Maybe we should enlarge the lens. Frankly, I’m weary of the whole category ‘white people’, which throws folks of wildly different backgrounds, from Russians to Jews to Scots, into one big indiscriminate pot. So let’s talk about people, full stop. As a species, we’ve been treating each other like shit from the year dot. The horrors to which we’ve subjected one another, including slavery but a great deal else, are so incomprehensibly dreadful that no one, as an individual, could conceivably bear the crushing weight of all that torture, mass murder and sadism. If guilt is inherited, then every last one of us should be condemned to Dante’s nine circles of hell.
None of us chose the world in which we emerged. We didn’t pick our race, sex or natal nationality; any inbuilt leg-up or disadvantage these traits conferred at birth was not of our making. We didn’t select which awful history soaks the ground at our feet. It’s insensible to feel ‘guilty’ or ‘ashamed’ about something you didn’t do. It’s entirely sensible to feel regret, sorrow and abhorrence about the likes of slavery. It’s commendable to be informed about the past and to try to understand the nature of its wretchedness, as it’s also commendable to strain to leave the world a little better than you found it. But claiming that what happened before you were born is all your fault is not only ridiculous. It’s vain.

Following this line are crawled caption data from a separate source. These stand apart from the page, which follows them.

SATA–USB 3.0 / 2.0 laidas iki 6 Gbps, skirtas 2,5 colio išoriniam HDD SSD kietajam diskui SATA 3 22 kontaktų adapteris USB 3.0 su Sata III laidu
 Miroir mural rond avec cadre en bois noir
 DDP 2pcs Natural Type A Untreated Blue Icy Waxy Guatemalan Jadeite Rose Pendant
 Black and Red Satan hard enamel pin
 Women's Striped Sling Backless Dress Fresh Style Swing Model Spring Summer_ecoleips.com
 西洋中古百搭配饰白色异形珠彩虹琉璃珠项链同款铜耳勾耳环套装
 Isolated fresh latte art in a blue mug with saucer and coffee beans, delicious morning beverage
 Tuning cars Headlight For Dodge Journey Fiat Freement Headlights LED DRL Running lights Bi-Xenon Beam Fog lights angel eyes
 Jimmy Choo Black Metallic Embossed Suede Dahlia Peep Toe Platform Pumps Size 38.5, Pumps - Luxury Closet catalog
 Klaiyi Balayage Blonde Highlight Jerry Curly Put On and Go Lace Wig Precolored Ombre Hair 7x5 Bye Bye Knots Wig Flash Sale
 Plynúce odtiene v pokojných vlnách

This is a remarkable piece of writing. I don’t know the writer’s work well, but I seem to recall he did some excellent reporting on Syria and Iraq. The focus on architecture and its meaning is refreshing — I, too, am a fan of Sir Roger Scruton — and I can only hope he (the writer) isn’t entirely prophetic.
Readers, I’m in awe of this young guy. I am torn between just wanting to read everything he has written but also being madly jealous that a 24-year-old is this smart. Sheesh! When I was 24 I was still learning the alphabet. Here he is in conversation about current affairs, but you can find other clips and also, check out the link above for City Journal contributions. A special thanks to my clever nephew for introducing me to him.
Andrew Sullivan asks if there is still room for debate. I’m thinking no.
Ross Douthat on the new Cultural Revolution. Scary stuff, kids.
I like Jonathan Haidt – but he’s got his work cut out for him here.
And to end on a terrifying note, the 1793 Project.
Yeah, listen to him. A voice of sanity in this madness.
Adding to my comments in the post below, I will direct you to John Palmer’s post on the topic. It is worth your time. This last paragraph, in particular, resonates for me. I am reluctant to engage with anyone about this issue (or many others), as I hate the flame wars, but I have rarely unfriended due to differences of opinion.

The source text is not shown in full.